This project aims to recognize the person as either alcoholic or non-alcoholic based on their EEG sample data
We began with some set of textual data which was collected from multiple people and classified as Alcoholic and Controlled
This dataset was extracted from the zip files and converted into csv format for each person
The dataset was then cleaned and converted into excel format for removing noise using Matlab
Then the multiple files for each person were combined into a single excel file
We then used a method called FORCe which is used to remove all the artifacts from the dataset which is basically non-human noise data in the EEG signal
Feature extraction using the discrete wavelet transform function was applied to each of the files for 15
epochs, where each epoch was of 4
seconds and sampling rate was 256
Hz.
Post creation of wavelet transform variables over the whole dataset for 15 epochs, we began feature extraction for each of the features
The following features were extracted :
- Wavelet energy
- Shannon entropy
- Mean
- Variance
- Median
The average value of each feature was taken over the 15 epochs for each wavelet coefficient.
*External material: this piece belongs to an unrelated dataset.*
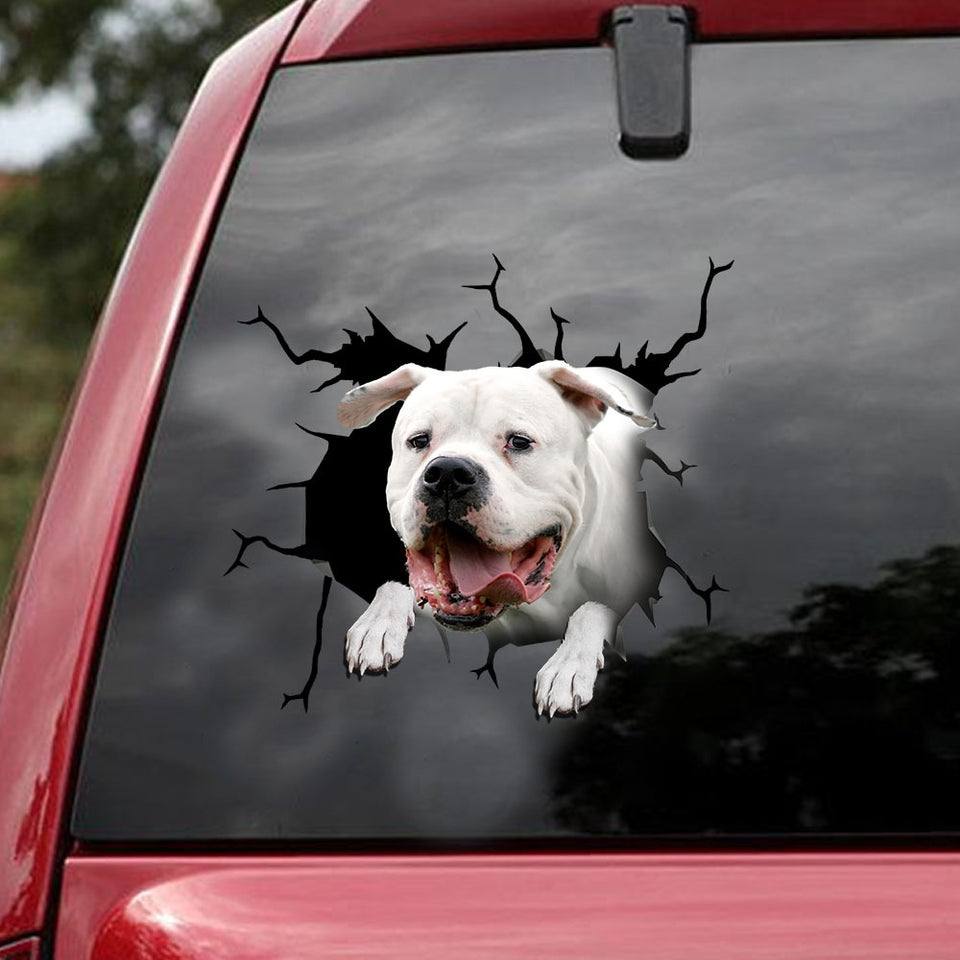 [ld1467-snf-lad]-dogo-argentino-crack-car-sticker-dogs-lover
The data was then converted to 5(features) * 6(wavelet coefficients) = 30
columns for classification
Further we applied several techniques to analyse and improve the data. The given data was tested after applying techniques like Principle Component Analysis, Correlation-based Selection and Information Gain-based Selection of the most vital features present in the given data.
We also experimented with various splits in the training and testing data, primarily found 70-30 and 80-20 splits to be the most effective in terms of classification accuracy. After this, we applied several classification techniques using Pycaret, Tensorflow and Scikit-Learn. We also used Weka for streamlining the workflow.
Experimentation showed that the following techniques gave the best results in terms of classification accuracy:
- Logistic Regression
- Support Vector Machine
- K-Nearest Neighbour
- Naive Bayes Classifier
- Bagging Classifier
- Multi-Layer Perceptron
We managed to achieve a maximum accuracy of upto 91.67% with classification by Logistic Regression.